About this exercise
All the lines below should appear again unchanged, though their pictures should not.

Supplied data
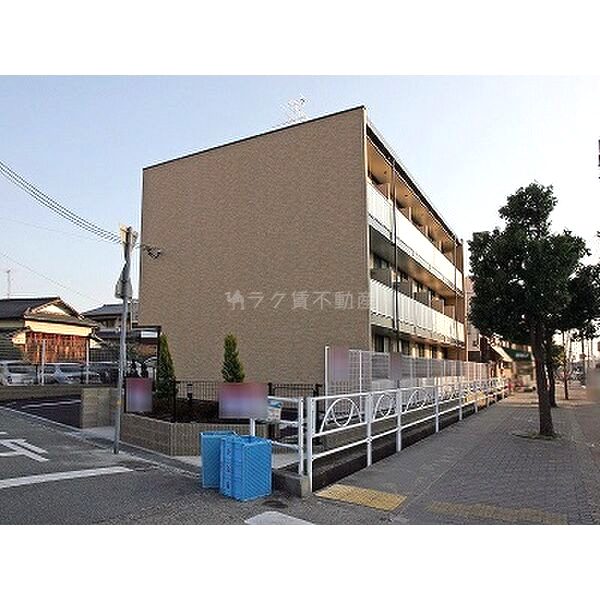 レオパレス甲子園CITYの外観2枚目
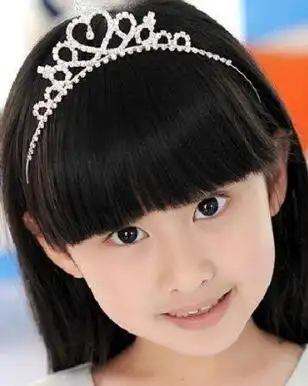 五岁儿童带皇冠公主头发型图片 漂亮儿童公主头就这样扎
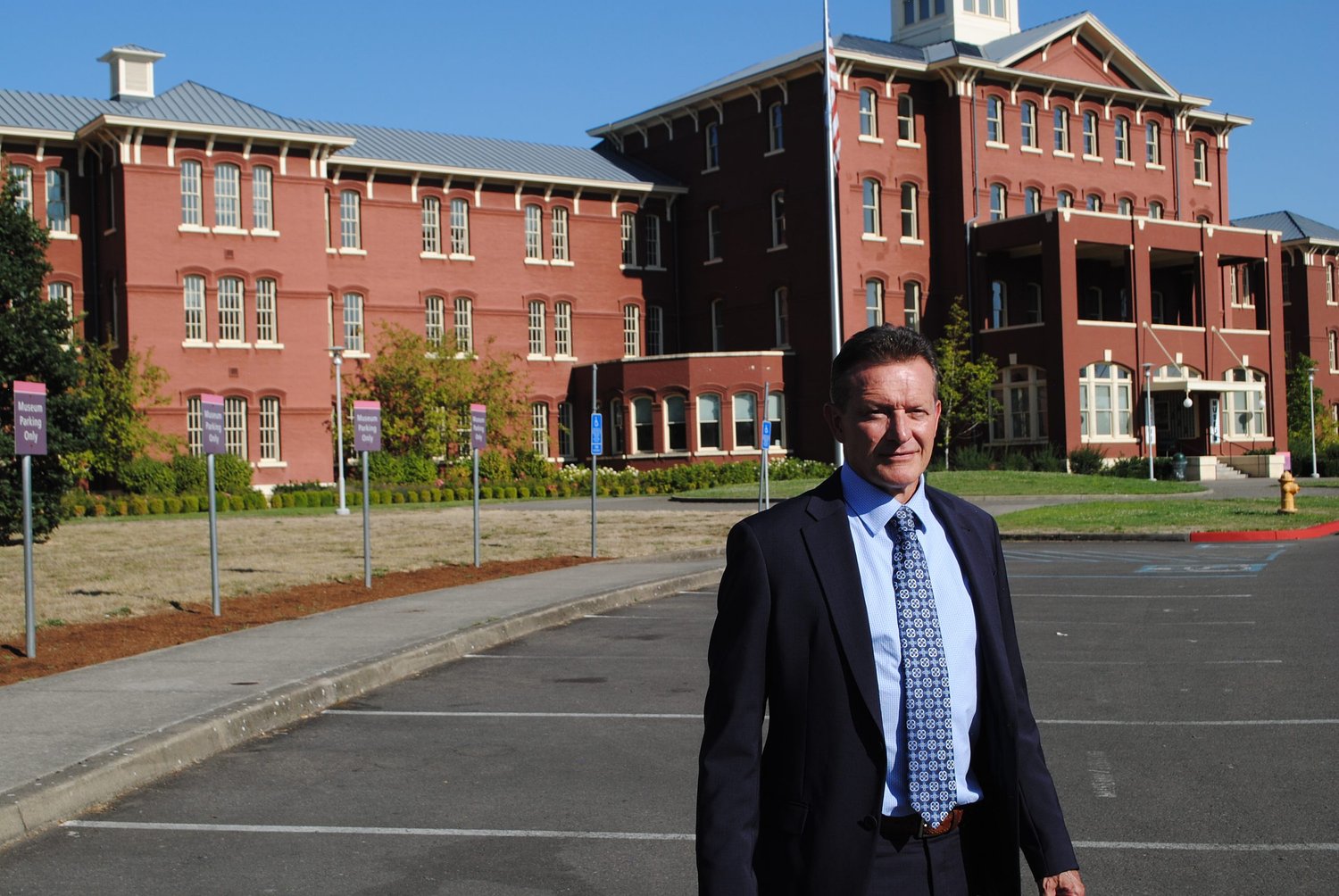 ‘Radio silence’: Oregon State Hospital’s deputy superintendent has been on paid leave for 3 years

Reply
 レオパレス甲子園CITYの外観2枚目
 五岁儿童带皇冠公主头发型图片 漂亮儿童公主头就这样扎
 ‘Radio silence’: Oregon State Hospital’s deputy superintendent has been on paid leave for 3 years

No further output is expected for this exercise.